Das Wappen im Sprenggiebel des Portals hat eine kleine Reise hinter sich. Es wurde zunächst 1772 für den damaligen Käufer des Anwesens angefertigt, den fürstbischöflichen Oberjägermeister Friedrich Karl von Schaumberg. Dafür hatte er das Hauszeichen des früheren Besitzers Andres Schröder abnehmen lassen, das einen sog. "Schröter", also einen Hirschkäfer darstellte, mit dem Zusatz "Haus zum grünen Sittich". Als 1816 der Handelsbürger Konrad Körner das Gebäude erwarb, ließ er das Schaumbergsche Wappen entfernen. Es wurde nach Schloss Strössendorf verbracht.

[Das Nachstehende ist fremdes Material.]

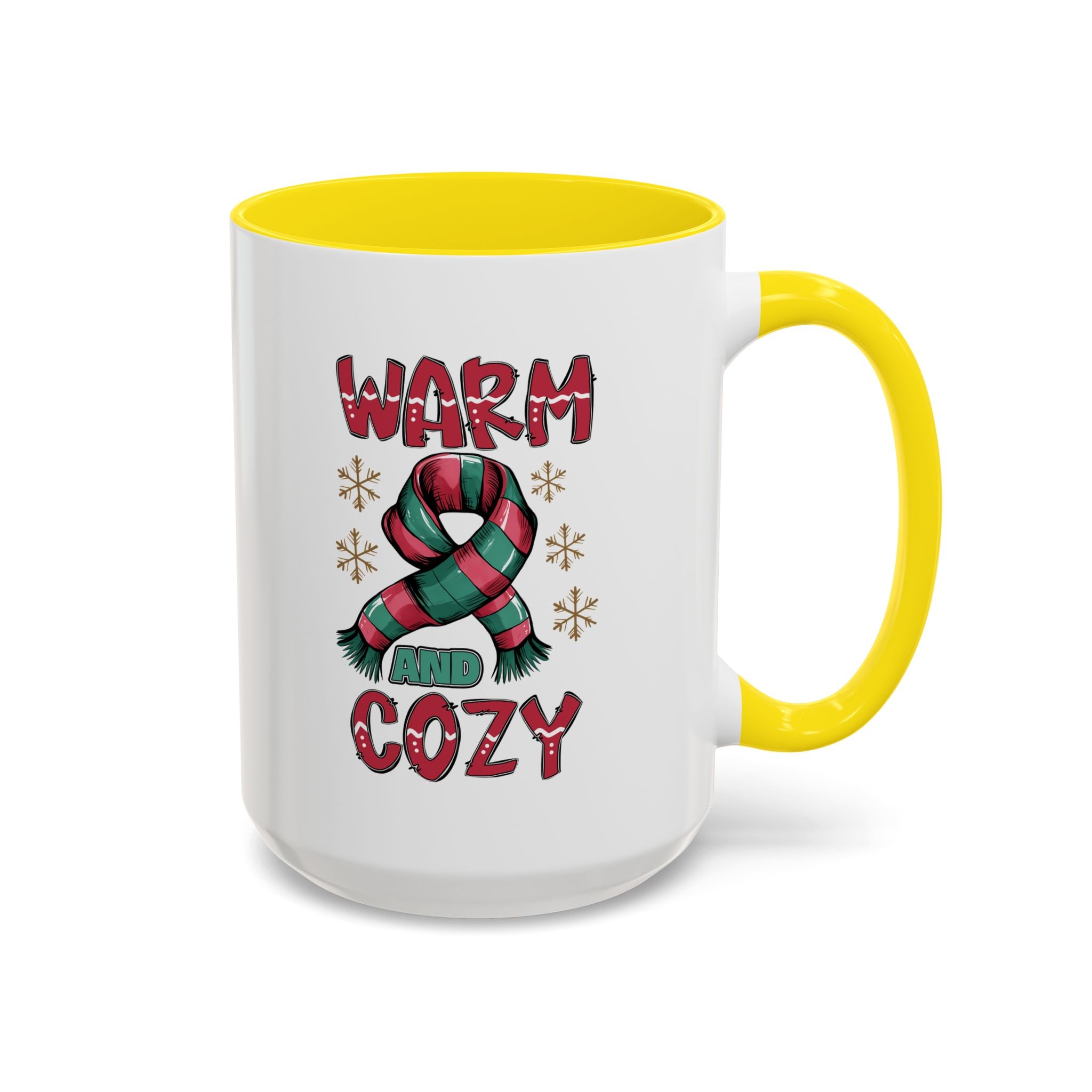 Warm & Cozy Holiday Accent Coffee Mug - Perfect for Winter Mornings, Christmas Gifts, Hot Beverage Lovers, Seasonal Decor, Cozy Vibes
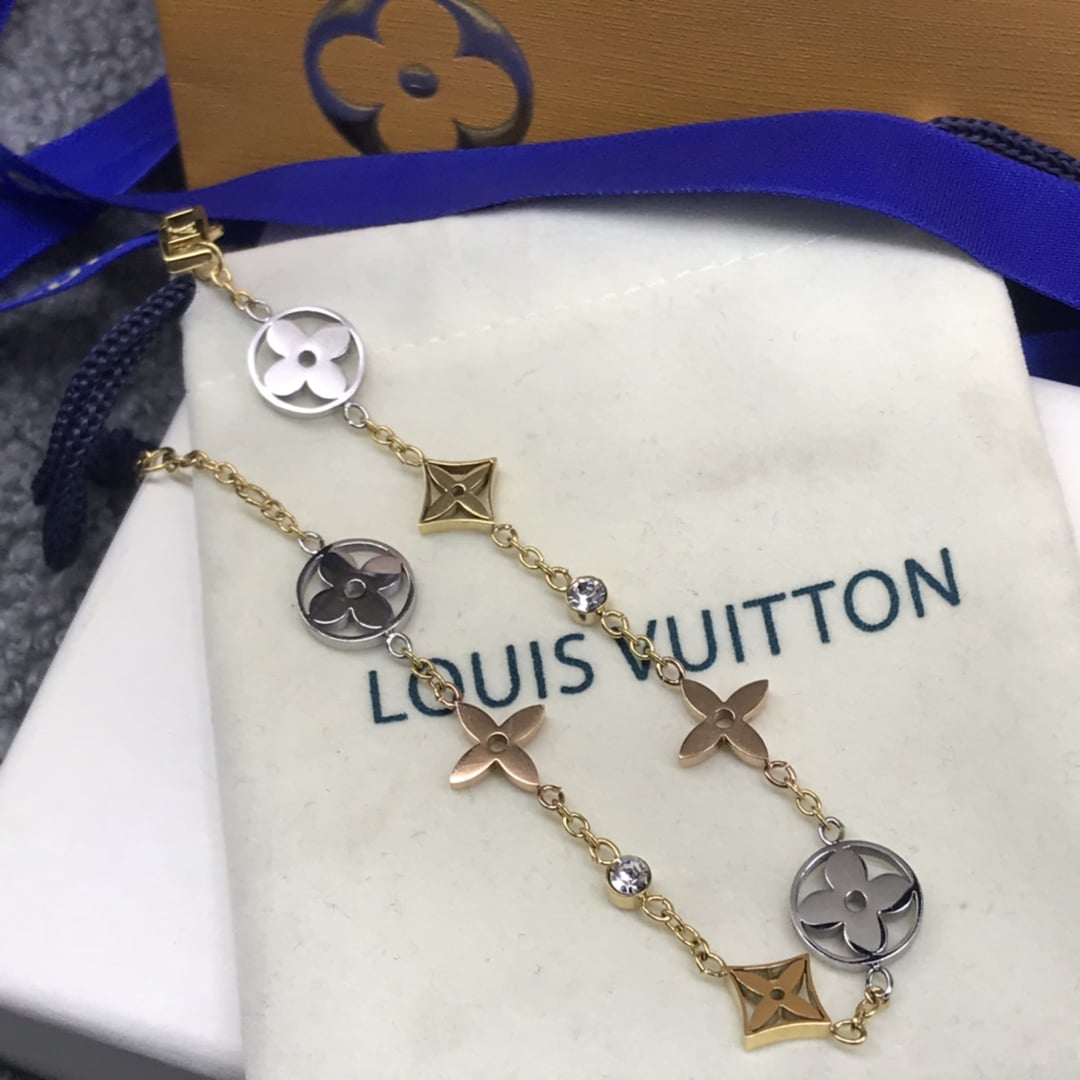 LOUIS VUITTON IDYLLE BLOSSOM BRACELET GOLD Q95286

1956 verstarb der Historiker Oskar Freiherr von Schaumberg, ein Nachfahre des Oberjägermeisters. Er hatte als Wunsch hinterlassen, dass das Wappen wieder an seinen ursprünglichen Ort zurückkehrt. Nach der Restaurierung durch Robert Bauer-Haderlein wurde es wieder an den Sprenggiebel angebracht. Bei den dargestellten Werkzeugen handelt es sich übrigens um Schafscheren.

 

Von wann und von wem das Bild des grünen Sittichs am Eisenportal stammt, ist mir leider nicht bekannt. Es muss neu sein, denn auf einem Foto von 1989 ist es noch nicht zu sehen.